# Material supplied
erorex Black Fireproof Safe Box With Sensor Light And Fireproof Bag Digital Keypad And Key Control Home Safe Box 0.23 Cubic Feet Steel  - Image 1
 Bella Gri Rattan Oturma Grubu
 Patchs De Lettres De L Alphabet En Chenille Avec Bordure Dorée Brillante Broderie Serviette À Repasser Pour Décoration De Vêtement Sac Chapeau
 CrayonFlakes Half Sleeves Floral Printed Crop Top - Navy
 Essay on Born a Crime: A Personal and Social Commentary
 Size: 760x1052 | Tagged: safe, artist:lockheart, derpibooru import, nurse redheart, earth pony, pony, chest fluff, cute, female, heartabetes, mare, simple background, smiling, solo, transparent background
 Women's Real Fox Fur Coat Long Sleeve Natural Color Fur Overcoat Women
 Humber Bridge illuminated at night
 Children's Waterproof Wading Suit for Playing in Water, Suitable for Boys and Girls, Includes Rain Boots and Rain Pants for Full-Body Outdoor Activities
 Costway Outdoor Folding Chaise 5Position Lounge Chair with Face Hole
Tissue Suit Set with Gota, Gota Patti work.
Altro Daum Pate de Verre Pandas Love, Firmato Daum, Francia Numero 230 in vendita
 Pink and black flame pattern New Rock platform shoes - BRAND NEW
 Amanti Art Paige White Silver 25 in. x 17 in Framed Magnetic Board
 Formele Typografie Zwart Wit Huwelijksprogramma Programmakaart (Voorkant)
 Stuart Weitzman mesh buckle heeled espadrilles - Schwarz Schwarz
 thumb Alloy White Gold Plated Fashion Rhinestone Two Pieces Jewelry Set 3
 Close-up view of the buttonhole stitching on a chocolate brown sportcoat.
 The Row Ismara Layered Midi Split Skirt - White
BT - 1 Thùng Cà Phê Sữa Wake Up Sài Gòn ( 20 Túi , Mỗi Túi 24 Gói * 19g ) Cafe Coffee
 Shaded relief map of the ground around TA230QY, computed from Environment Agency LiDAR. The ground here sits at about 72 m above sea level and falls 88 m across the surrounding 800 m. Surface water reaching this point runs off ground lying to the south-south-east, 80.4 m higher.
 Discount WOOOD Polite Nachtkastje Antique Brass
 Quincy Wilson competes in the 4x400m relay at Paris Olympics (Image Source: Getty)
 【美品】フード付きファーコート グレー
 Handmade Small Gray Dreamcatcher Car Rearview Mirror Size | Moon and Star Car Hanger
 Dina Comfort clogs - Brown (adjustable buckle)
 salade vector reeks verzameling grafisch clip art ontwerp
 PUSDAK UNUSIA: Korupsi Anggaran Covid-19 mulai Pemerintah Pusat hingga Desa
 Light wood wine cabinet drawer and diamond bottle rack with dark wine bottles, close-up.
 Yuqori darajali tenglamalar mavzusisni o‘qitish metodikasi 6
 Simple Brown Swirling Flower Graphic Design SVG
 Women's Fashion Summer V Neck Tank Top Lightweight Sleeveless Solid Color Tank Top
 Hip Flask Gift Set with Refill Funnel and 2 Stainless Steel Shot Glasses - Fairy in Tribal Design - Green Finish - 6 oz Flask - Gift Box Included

# Task to carry out
Go to the line in the material above that contains "Discount WOOOD Polite" and copy exactly from there through the line that contains "Women's Fashion Summer", stopping after it.

# Solution for this exercise
 Discount WOOOD Polite Nachtkastje Antique Brass
 Quincy Wilson competes in the 4x400m relay at Paris Olympics (Image Source: Getty)
 【美品】フード付きファーコート グレー
 Handmade Small Gray Dreamcatcher Car Rearview Mirror Size | Moon and Star Car Hanger
 Dina Comfort clogs - Brown (adjustable buckle)
 salade vector reeks verzameling grafisch clip art ontwerp
 PUSDAK UNUSIA: Korupsi Anggaran Covid-19 mulai Pemerintah Pusat hingga Desa
 Light wood wine cabinet drawer and diamond bottle rack with dark wine bottles, close-up.
 Yuqori darajali tenglamalar mavzusisni o‘qitish metodikasi 6
 Simple Brown Swirling Flower Graphic Design SVG
 Women's Fashion Summer V Neck Tank Top Lightweight Sleeveless Solid Color Tank Top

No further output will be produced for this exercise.